Throughout his career at planning, at finance and later at the central bank, Mutebile often faced a tough choice between what was politically unpopular but economically necessary. He learnt how to balance the two. He was, at his core, a very courageous and honest man blessed with an unusual integrity. He could take a firm stand against all odds if he was convinced about something, and yet was always willing to reconcile (or even compromise) economic and technical principles with political and social reality. It is inconceivable that without him, Uganda would have navigated the treacherous terrain of painful economic reform that it did.

The distinctive aspect of his leadership was an ability to inspire his subordinates to higher ideals, keep them loyal and united to the cause and defend them without fear or favour and even protect them from politicians seeking to settle political scores. It is this quality that facilitated his ability to build enthusiasm and confidence around liberal economic reform, and organise and sustain a team that was confident in its policy beliefs. He also believed in technical competence and had little or no regard to considerations of identity. It is this aspect of his personality that made it possible for him to build a formidable team of highly competent technocrats at the ministry of finance that midwifed our country’s recovery.

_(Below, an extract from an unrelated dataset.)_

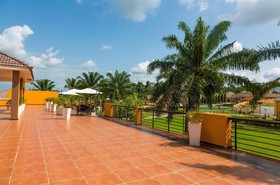 Beige Village Golf Resort And Spa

At Bank of Uganda, he inherited an institution that was already solid and sound. But as he grew ill and weak, some of his lieutenants whom he trusted began to undermine him and build cliques in the bank. He always believed in the power of delegation. In his last ten years, those to whom he delegated pursued their own selfish agendas and this cost the central bank its reputation. The arbitrary use of power that was exposed during the COSASE investigations only showed how weak and out of touch he had gotten and how much he had been betrayed by those he trusted. Mutebile remained a free marketeer, believing that sound macroeconomic management demands control of inflation almost as an end in itself.

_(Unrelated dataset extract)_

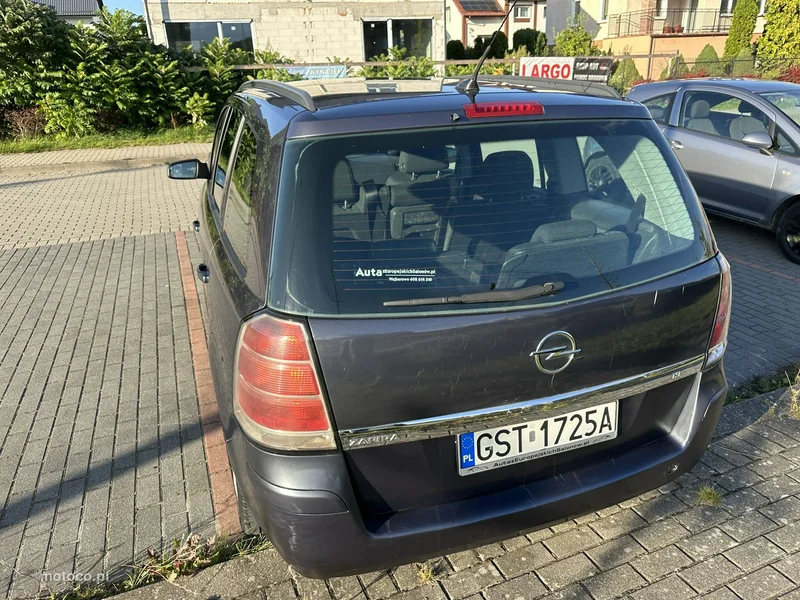 Opel Zafira B 5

At a personal level, I made Mutebile a friend and regularly visited him at his office or his home. Sometimes we went out to lunch or dinner together. When I introduced him to Spectrum restaurant, he made it his favourite place, often inviting them for outdoor catering whenever he had an event at his home. When I was a radio show host of Andrew Mwenda Live on KFM, Mutebile was a regular on my show to discuss economic policy. Throughout all this time, we remained close even when we disagreed. But I admired him immensely – his intellectual depth, his personal charisma, his strength of character and courage and his boldness.

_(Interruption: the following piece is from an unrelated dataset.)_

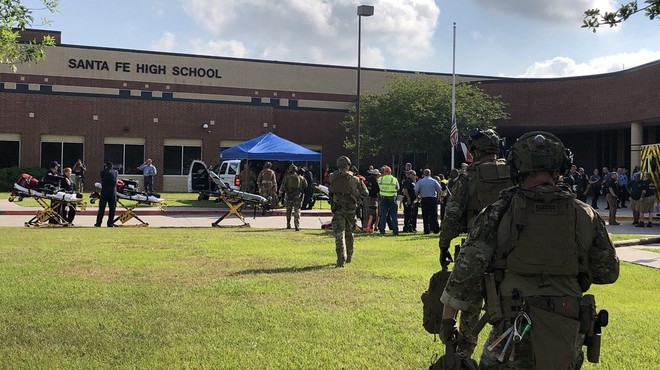 V streljanju na teksaški srednji šoli več mrtvih (foto: profimedia)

As his illness intensified, I was saddened to see him slowly lose his energy and vitality, yet this was only in his body. For the most part, he retained his intellectual rigour, able to hold his own in any economic policy debate with whomever he met. Last year, the French ambassador asked me to request Mutebile to join him for lunch at his residence. When he arrived at the residence, he insisted that he would only get out of the car if I was personally there to receive him. I went over and helped lift him out of the car – with his bodyguards. We helped him walk to the dining and take a seat. Yet although he was in extreme physical difficulty, he was mentally astute.

As soon as he sat down and over lunch, the old Mutebile came to life again. He was in a jolly and ambient mood as he discoursed on economic policy. And he did this with the flair of a journalist and the depth of a scholar. But his illness had taken a big tall on his ability to perform his functions as he spent a lot of time away from office – at home on treatment. He finally succumbed to the inevitable with dignity and honour. It was a blow for many of us who admired him and became his friends. He gave unusual access to journalists and was always open to discuss economic policy with anyone who dared challenge him. It is very sad indeed that we lost such a giant at a tender age of 72. May his soul RIP.